Durante muchos años, los pueblos
indígenas fueron vistos, como pobres y dignos de lástima, de allí la frase
“nuestro indios”, “reducirlos a la vida civilizada” y “asimilarlos
culturalmente” y, en el peor de los casos, como obstáculo para el desarrollo y el
progreso del país.
El Estado panameño, y los sucesivos
gobiernos desde la época republicana hasta ahora, han sido incapaces de proveer
a los pueblos indígenas de las condiciones de equidad e igualdad; al contrario,
la integración, sinónimo de homogenización, derivó en un menosprecio de su
capacidad y fortaleza para definir su propio desarrollo con identidad. En
consecuencia, su visión de desarrollo con identidad no fue tomada en cuenta
para enfrentar exitosamente el desarrollo del país.

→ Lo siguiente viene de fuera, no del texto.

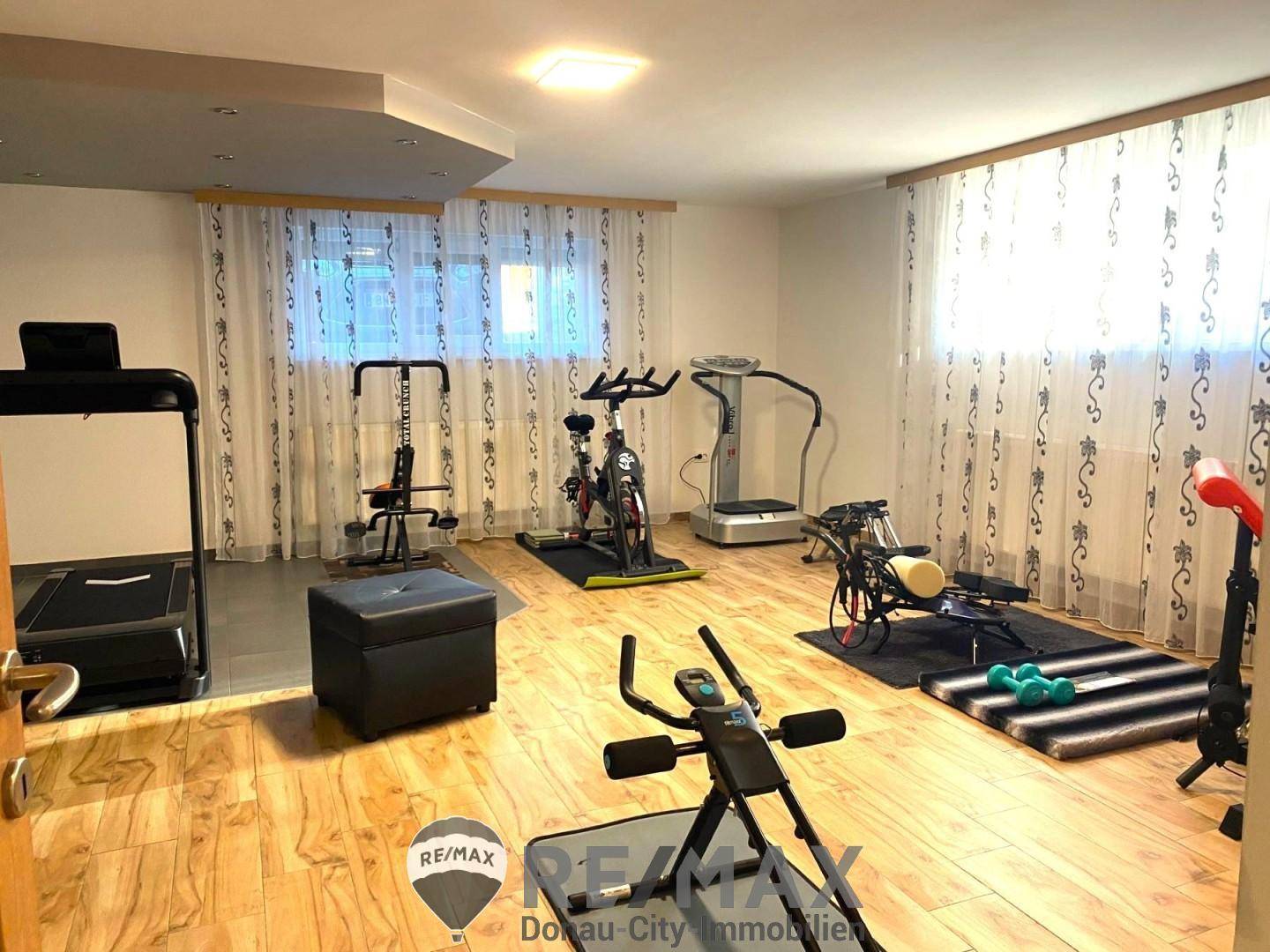 Geräumiger Fitnessraum mit verschiedenen Trainingsgeräten und hellem Holzboden.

Si bien el propósito “integrador” de la
política indigenista partía del reconocimiento de la necesidad de hacer
justicia a los pueblos indígenas e implicó muchas investigaciones e
investigadores entregados y de buena voluntad, pero siempre se consideró, que
la pobreza histórica era consecuencia de que el “indio no se quería civilizar”,
además no querían dejar sus “viejas prácticas salvajes.”

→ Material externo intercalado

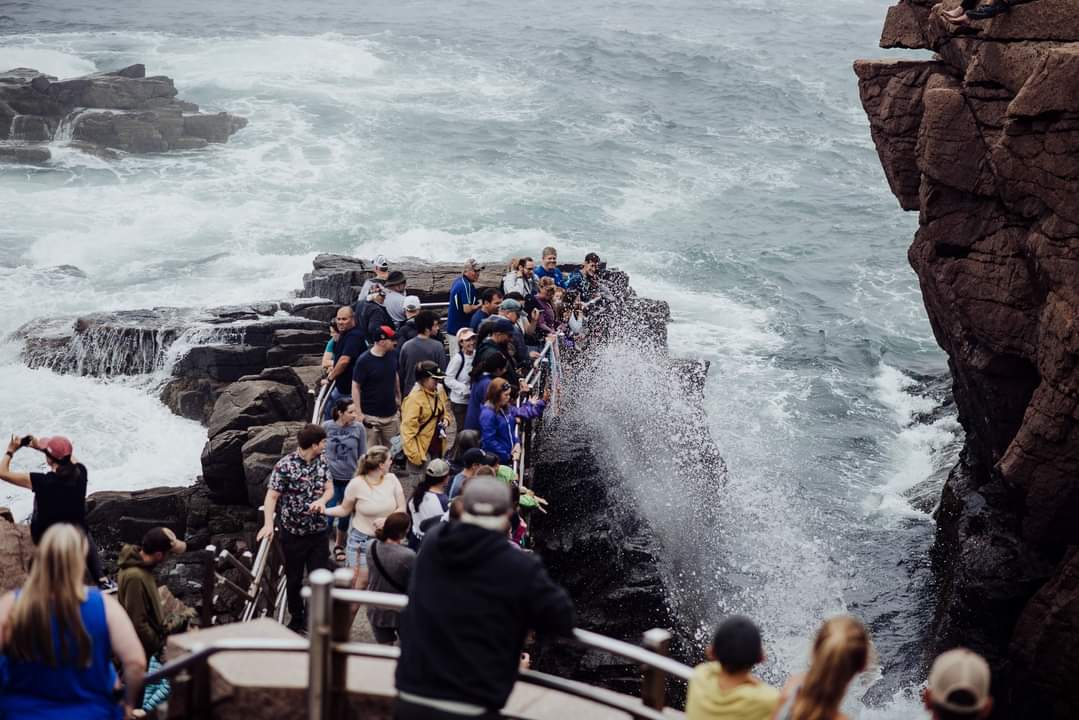 People looking at Thunder hole in acadia national park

La historia reciente ha mostrado que las
prácticas homogeneizadoras del Estado no es un camino viable y deseable a la
unidad con diversidad. Por el contrario, esta acción empobrece y es un potente
obstáculo para su desarrollo futuro.
Mientras el desarrollo de nuestro país
esté anclado en la política neoliberal con economía minera, hidroeléctrica, y
petrolera que enriquece a las multinacionales y a unos pocos, siempre tendremos
que enfrentar una realidad intrincada de desigualdad, explotación e
injusticia.
Los reclamos de los pueblos indígenas en
materia de impartir justicia, del reconocimiento de sus comarcas, de servicios
de infraestructura básica, de derechos políticos y sociales de
autodeterminación, no sólo son legítimos en sí mismos, sino es una deuda
histórica y crucial en la construcción consensual de un Panamá más justo y
democrático.
Por eso, el Estado panameño, debe asumir
explícita y cabalmente este renovado compromiso, con la participación
indispensable de toda la sociedad, para definir una nueva política de Estado
clara y precisa.
La relación del Estado panameño con los
pueblos indígenas en estos tiempos implica construir nuevos equilibrios
políticos que involucren a todos los actores nacionales, partidos, sociedad
civil y configurar así un nuevo pacto social que exija inclusión e
incorporación de los indígenas a las dinámicas del desarrollo nacional, pero
desde sus propias demandas y necesidades.
Sin estas premisas dichas anteriormente,
un “Ministerio de Asuntos Indígenas” está condenado a ser “bombero”, “lobby”
para los mineros y otros, y cueva de politiqueros y la implementación de las
políticas gubernamentales inconsultas y burocratizadas.